What? Dr. Conan T. Barbarian didn't have tenure?
Now this was an English professor whose classes might actually have been worth attending. Or, well, considering that MSNBC adds a critical piece of information omitted by the Irish Times, maybe not: "[Dr. Barbarian's] stated classroom policy is to crucify students who cheat or show weakness."
The full text from the picture:
Long Room Hub Associate Professor in Hyborian Studies and Tyrant Slaying.
Dr Conan T. Barbarian was ripped from his mother's womb on the corpse-strewn battlefields of his war-torn homeland, Cimmeria, and has been preparing for academic life ever since. A firm believer in the dictum that "that which does not kill us makes us stronger," he took time out to avenge the death of his parents following a sojourn pursuing his strong interest in Post-Colonial theory at the Sorbonne. In between, he spent several years tethered to the fearsome "Wheel of Pain", time which he now feels helped provide him with the mental discipline and sado-masochistic proclivities necessary to sucessfully tackle contemporary critical theory. He completed his PhD, entitled "To Hear The Lamentation of Their Women: Constructions of Masculinity in Contemporary Zamoran Literature" at UCD and was appointed to the School of English in 2006, after sucessfully decapitating his predecessor during a bloody battle which will long be remembered in legend and song. In 2011/12, he will be teaching on the following courses: "The Relevance of Crom in the Modern World", "Theories of Literature", "Vengeance for Beginners", "Deciphering the Riddle of Steel" and "D.H. Lawrence". He strongly objects to the terms of the Croke Park agreement and the current trend for remaking 1980s films that he believes were perfectly good enough in the first place.
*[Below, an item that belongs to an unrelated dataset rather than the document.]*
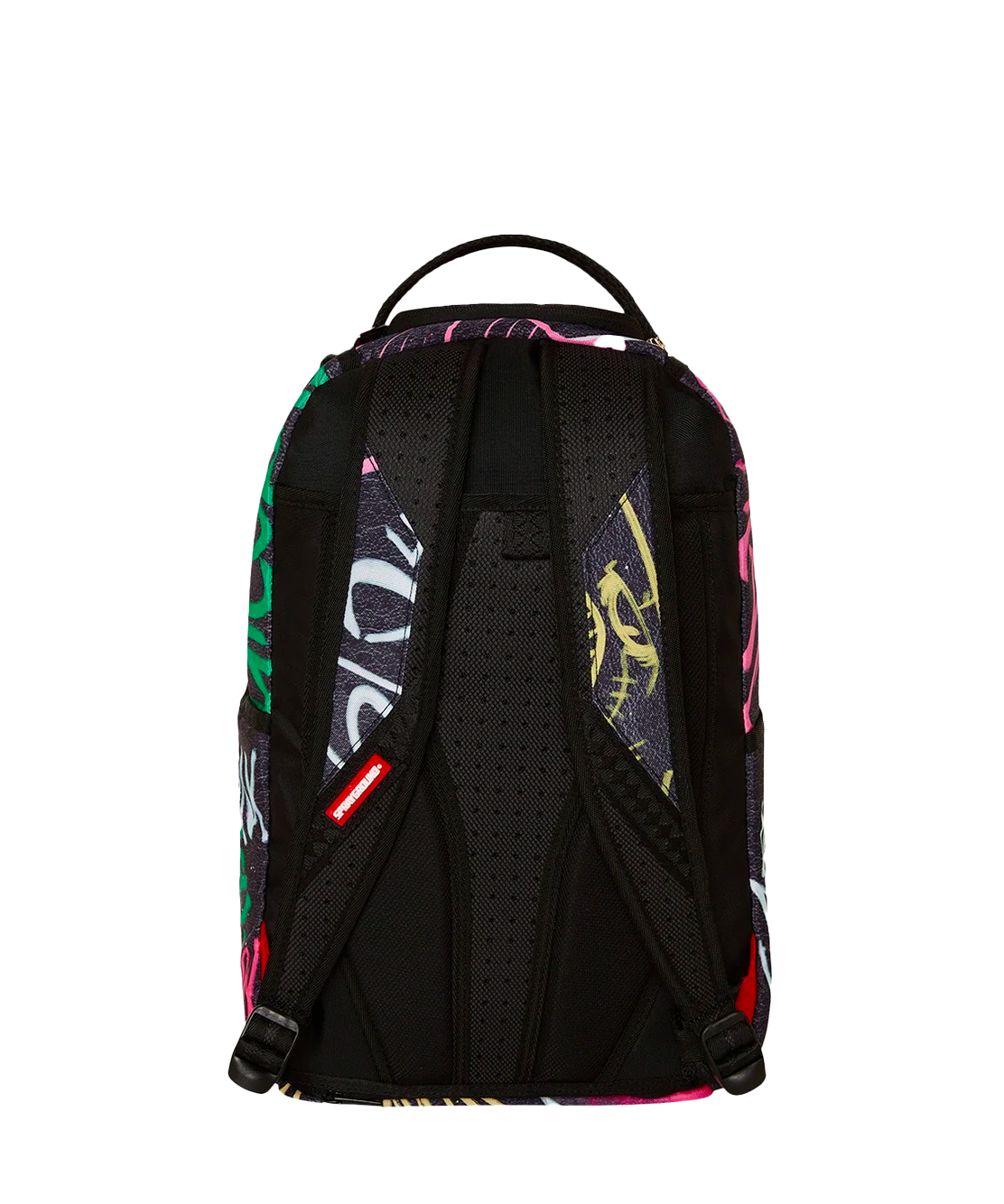 910B7748NSZPAINTED PUNK DLXR BACKPACK_3_P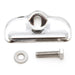 Rugged Ridge 11132.03 Battery Clamp; Stainless; - Truck Part Superstore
He is happy to hear from potential research students with an interest of any of these topics, but applicants should note that anyone found guilty of academic misconduct or weakness in the face of the enemy will be crucified as an example to the others.
You can see the actual page, complete with Dr. Barbarian's staff photo, here (hat tip to Meg Gardiner, who adds, "As the daughter of an English professor, I can attest that academic battles fully deserve to be memorialized through epic poetry and ululation").